Hello ego, you are obviously still my best friend.

Well, this reflection isn’t about having eradicated these aspects of myself. It is about what I have learned, isn’t it? I could probably write an entire post about each of these. But, instead I am capsulizing my thoughts.

Fear: Here I am again, a seven on the enneagram, a part of the thinking triad which experiences a great deal of fear and anxiety. Knowledge is the first step, however, and I am aware. I question my motivations when I am scurrying about – distracting myself. What am I dreading? What is it that I am avoiding and why?

Attachment: One of my highest levels of work at this time in my life is to detach in a healthy way…without distancing. Attachment to things? Well, I am losing that gradually. “Stuff” becomes so much less important to my life. It is my attachment to outcome that is my greater struggle.
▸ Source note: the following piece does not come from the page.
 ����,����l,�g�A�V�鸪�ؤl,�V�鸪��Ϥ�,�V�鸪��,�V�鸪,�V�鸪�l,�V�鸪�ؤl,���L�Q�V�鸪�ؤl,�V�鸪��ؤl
How to be open to the mystery (per Richard Rohr) is a lesson I am trying to learn.

Control: Well, there’s that attachment to outcome again, isn’t it? I have lived a long life as a control freak and can only say that I am stepping back from that role in baby steps.

Entitlement: This is not an easy reflection. I believe that as a white woman my entitlement is so deep as to be invisible to me. I don’t see myself with the outward manifestations of entitlement. I certainly am not demanding to the detriment of others, I don’t consider myself better than; but I am constantly scouring my thoughts regarding ingrained racism, biases against groups, belief systems, etc. Entitlement at any level can’t help but be gained at the expense of another.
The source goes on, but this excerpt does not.